By James Kwak
Andrew Haldane (of “doom loop” fame) has another provocative paper, “The $100 Billion Question,” delivered in Hong Kong last week. A central theme of the paper is what Haldane sets up as a debate between taxation and prohibition as approaches to solving the problem of “banking pollution” — the systemic risk externality created by the banking industry. Taxation is higher capital and liquidity requirements; prohibition is structural reforms that limit the size or scope of financial institutions. Drawing on work by Weitzman and Merton, Haldane discusses when one approach would be superior to the other.
The advantages of prohibition include modularity (ability of a system to withstand a collapse of one component), robustness (likelihood that regulations will work when needed), and better incentives (since tail risk is a function of banker behavior — not weather patterns — the risk-seeking nature of banking means that no capital level will necessarily be high enough).
Here’s Haldane on robustness:
“There is a literature on how best to regulate systems in the face of such Knightian uncertainty.
It suggests some guideposts for regulation of financial systems.
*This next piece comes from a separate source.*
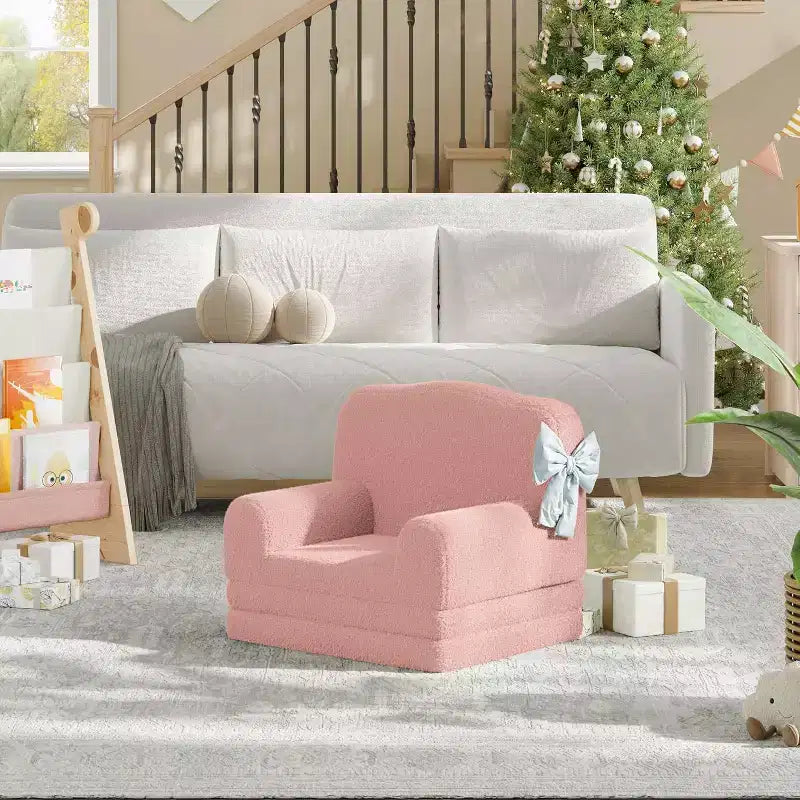 2-in-1 Foldable Toddler Sofa to Lounger, Foam Chair for Kids Ages 2–8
First, keep it simple. Complex
control of a complex system is a recipe for confusion at best, catastrophe at worst. . . .
“Second, faced with uncertainty, the best approach is often to choose a strategy which avoids the
extreme tails of the distribution. Technically, economists call this a “minimax” strategy –
minimising the likelihood of the worst outcome. Paranoia can sometimes be an optimal strategy.
“Third, simple, loss-minimising strategies are often best achieved through what economists call
‘mechanism design’ and what non-economists call ‘structural reform’. . . . In the words of economist John Kay, it is about regulating structure not
“Taken together, these three features define a ‘robust’ regulatory regime – robust to uncertainties
from within and outside the system. Using these robustness criteria, it is possible to assess
whether restrictions might be preferable to taxation in tackling banking pollution.”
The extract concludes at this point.